* [Information given]:
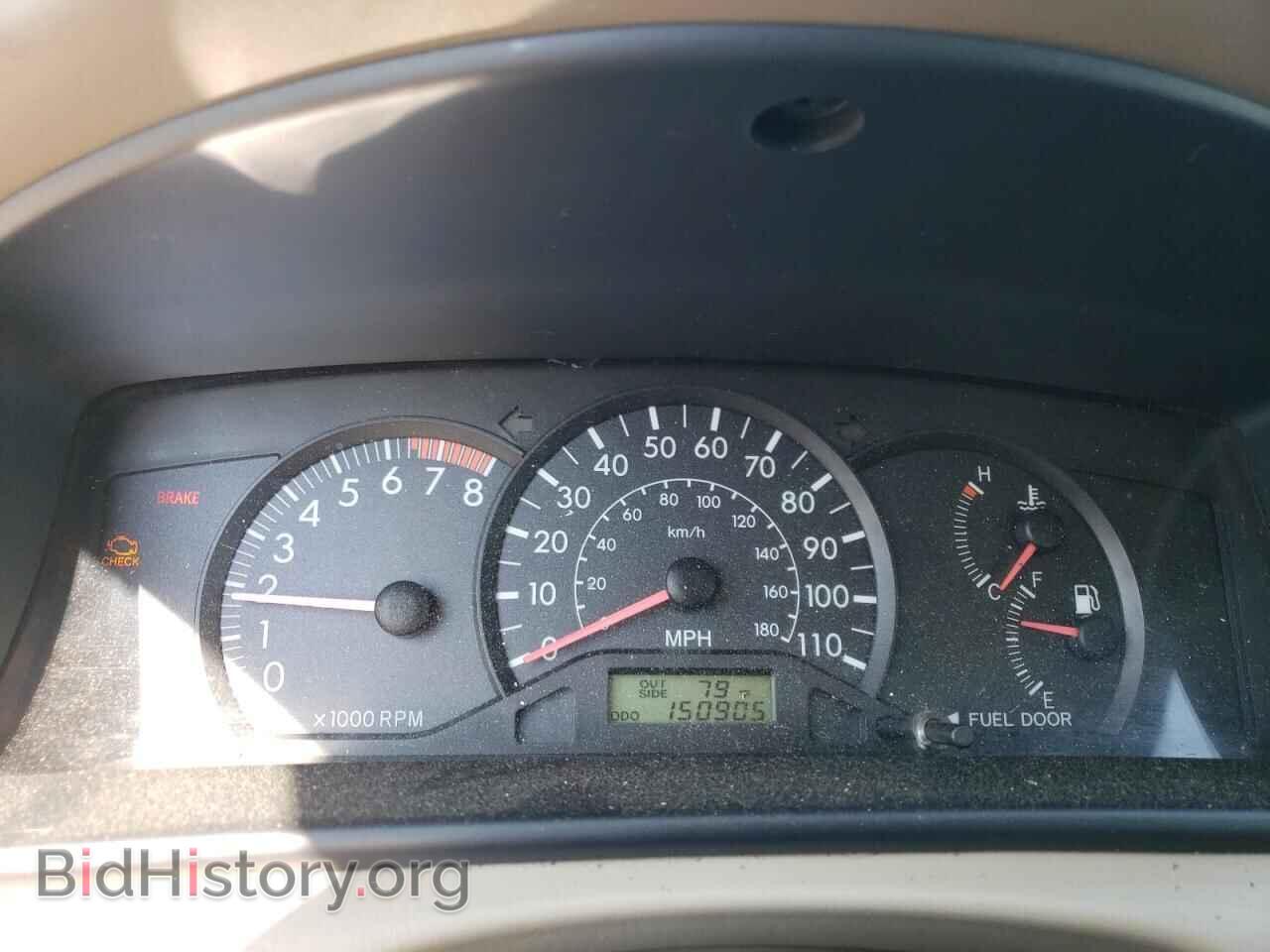 2005 TOYOTA COROLLA - VIN: 2T1BR32E05C455775 - Фото 9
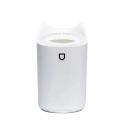 Difusor de aroma e humidificador de ar duplo de 3000 ml com alimentação USB 25 x 15 x 15 cm Alta capacidade Refrescar o ar Humidificação ultrassónica 1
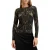 AllSaints Katlyn Ls Top Charm Black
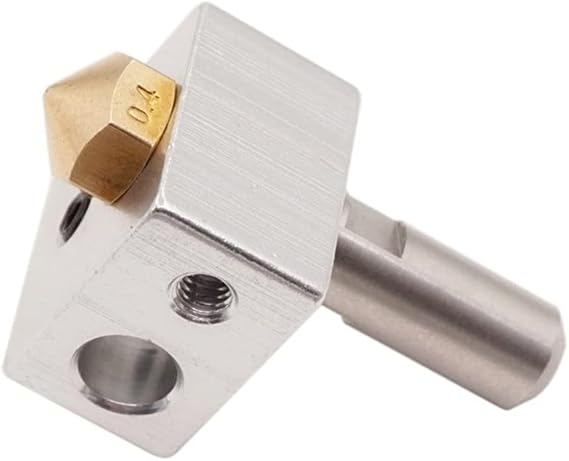 MK10 Printer Hair Block Kit with PTFE Tube Premium Heater Block for M7 Nozzle Throat MK10 Printer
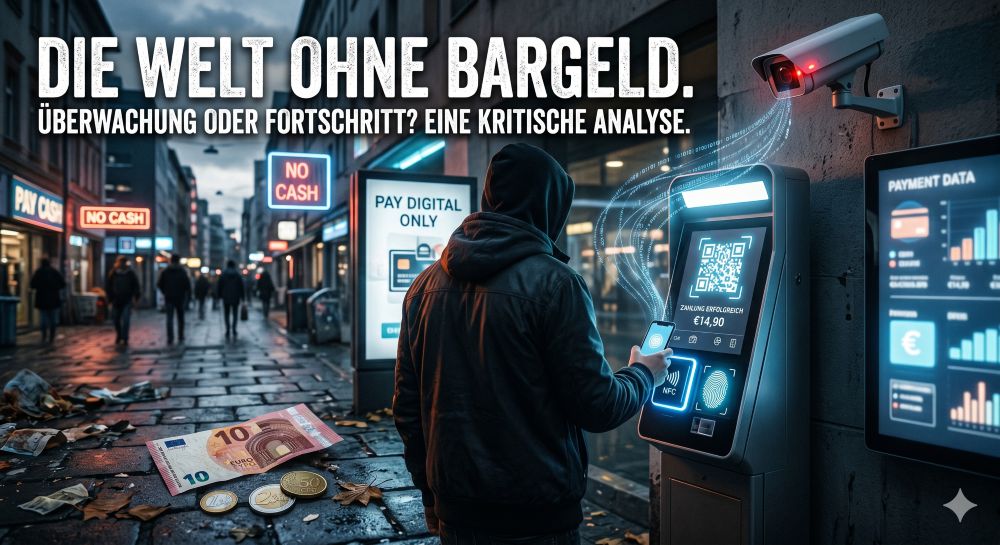 Was wäre wenn... Das Bargeld komplett abgeschafft würde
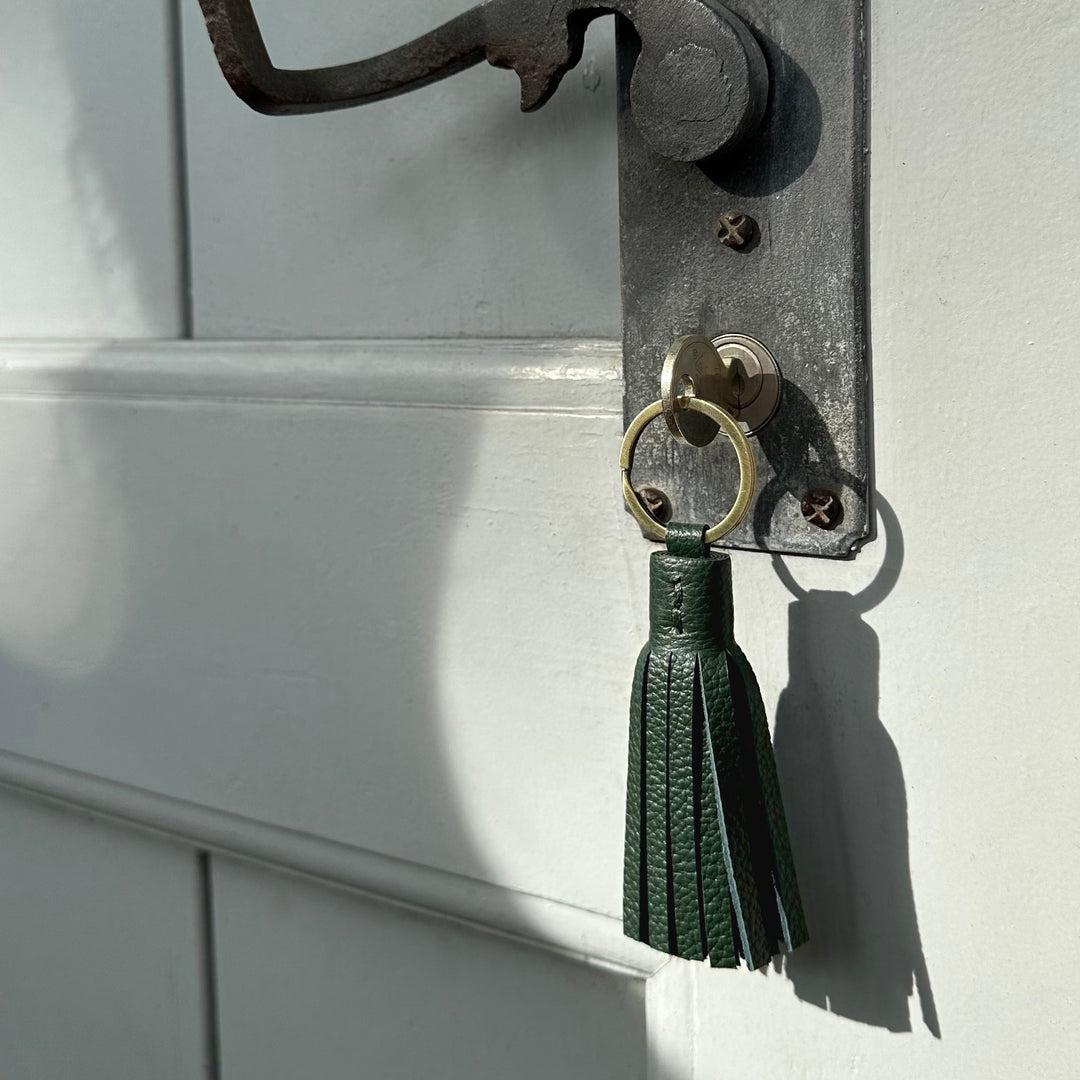 Keyring Tassel Forest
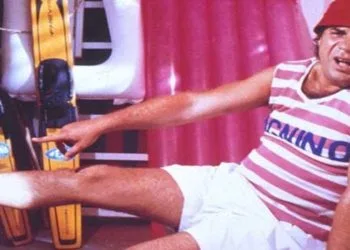 Jerry Calà in una scena del film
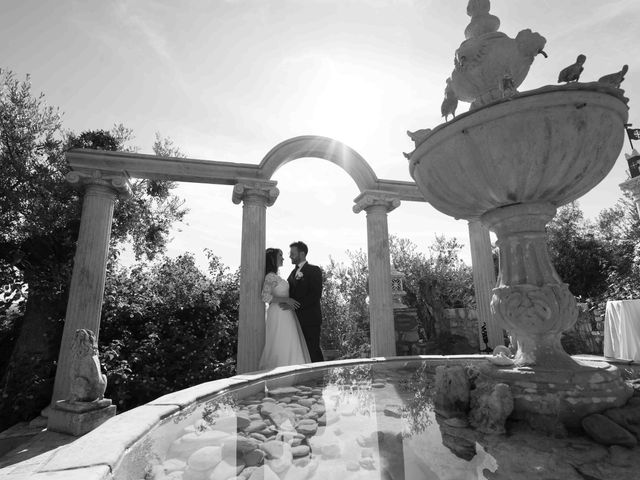 Federica and Fabrizio's Wedding in Rome, Italy 47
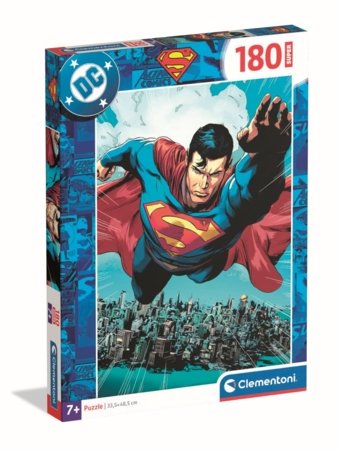 CLEMENTONI dėlionė super Supermenas 2025, 180 det., 29801 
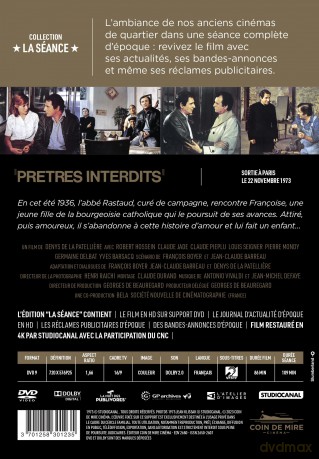 Pretres Interdits [DVD]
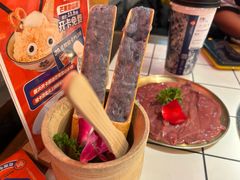 -热火朝天鲜切牛肉火锅(南强街巷店)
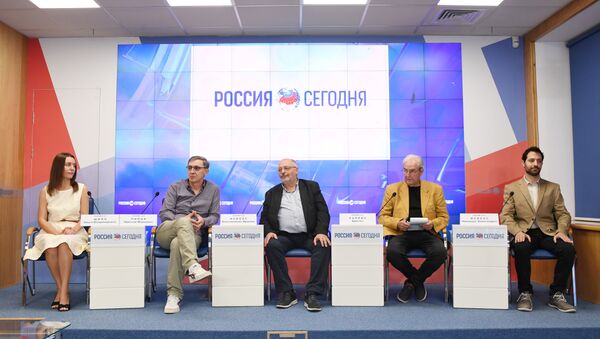 Пресс-конференция, посвященная визиту в Крым греческой делегации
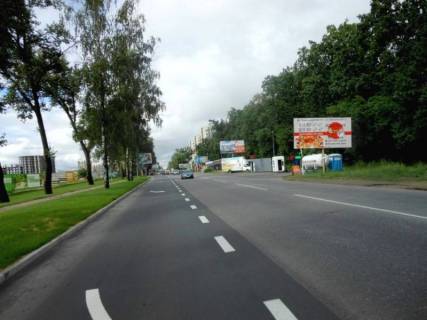 Billboard A in Sofiivska Borshchagivka, 6х3  s. Sofiivs'ka Borsagivka, trasa R-04 "Kiiv-Bisiv-Zvenigorodka", km 2+650 pravo, st. Soborna (Lenina), za 300m do ZK "Sofia Klubnij", za 450m do ZK "Sofiivs'kij kvartal" ta ZK "Sofia" Photo 1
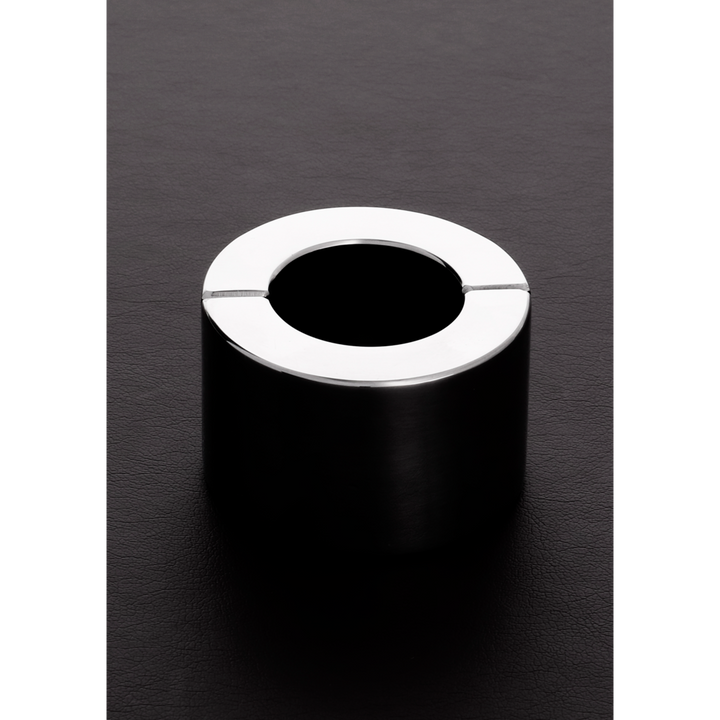 Shots Steel - Hodenstrecker aus Edelstahl 4,00 cm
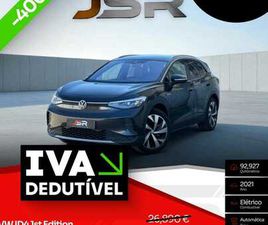 VOLKSWAGEN ID.4 VOLKSWAGEN ID.4 1ST EDITION 77KW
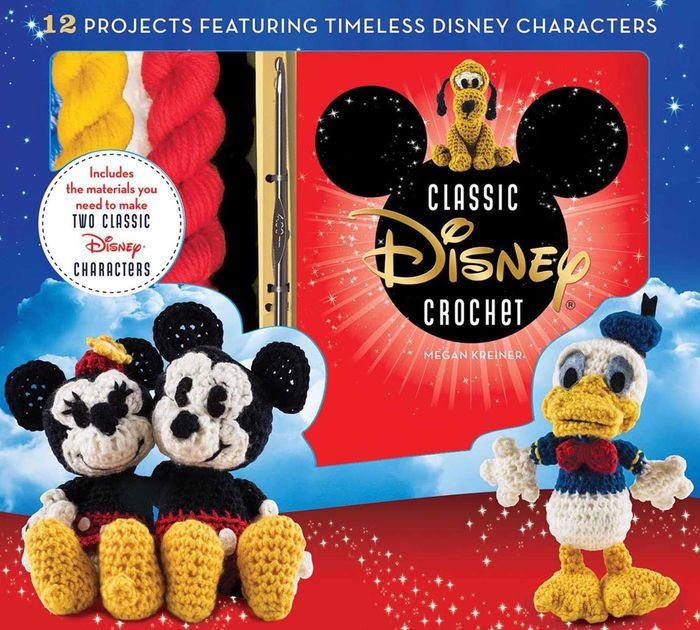 Disney Classic Crochet by Megan Kreiner, Other Format Barnes & Noble®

* [Exercise brief]:
An exact copy of all the records, free of pictures, is the expected answer.

* [Response below]:
 2005 TOYOTA COROLLA - VIN: 2T1BR32E05C455775 - Фото 9
 Difusor de aroma e humidificador de ar duplo de 3000 ml com alimentação USB 25 x 15 x 15 cm Alta capacidade Refrescar o ar Humidificação ultrassónica 1
 AllSaints Katlyn Ls Top Charm Black
 MK10 Printer Hair Block Kit with PTFE Tube Premium Heater Block for M7 Nozzle Throat MK10 Printer
 Was wäre wenn... Das Bargeld komplett abgeschafft würde
 Keyring Tassel Forest
 Jerry Calà in una scena del film
 Federica and Fabrizio's Wedding in Rome, Italy 47
 CLEMENTONI dėlionė super Supermenas 2025, 180 det., 29801 
 Pretres Interdits [DVD]
 -热火朝天鲜切牛肉火锅(南强街巷店)
 Пресс-конференция, посвященная визиту в Крым греческой делегации
 Billboard A in Sofiivska Borshchagivka, 6х3  s. Sofiivs'ka Borsagivka, trasa R-04 "Kiiv-Bisiv-Zvenigorodka", km 2+650 pravo, st. Soborna (Lenina), za 300m do ZK "Sofia Klubnij", za 450m do ZK "Sofiivs'kij kvartal" ta ZK "Sofia" Photo 1
 Shots Steel - Hodenstrecker aus Edelstahl 4,00 cm
 VOLKSWAGEN ID.4 VOLKSWAGEN ID.4 1ST EDITION 77KW
 Disney Classic Crochet by Megan Kreiner, Other Format Barnes & Noble®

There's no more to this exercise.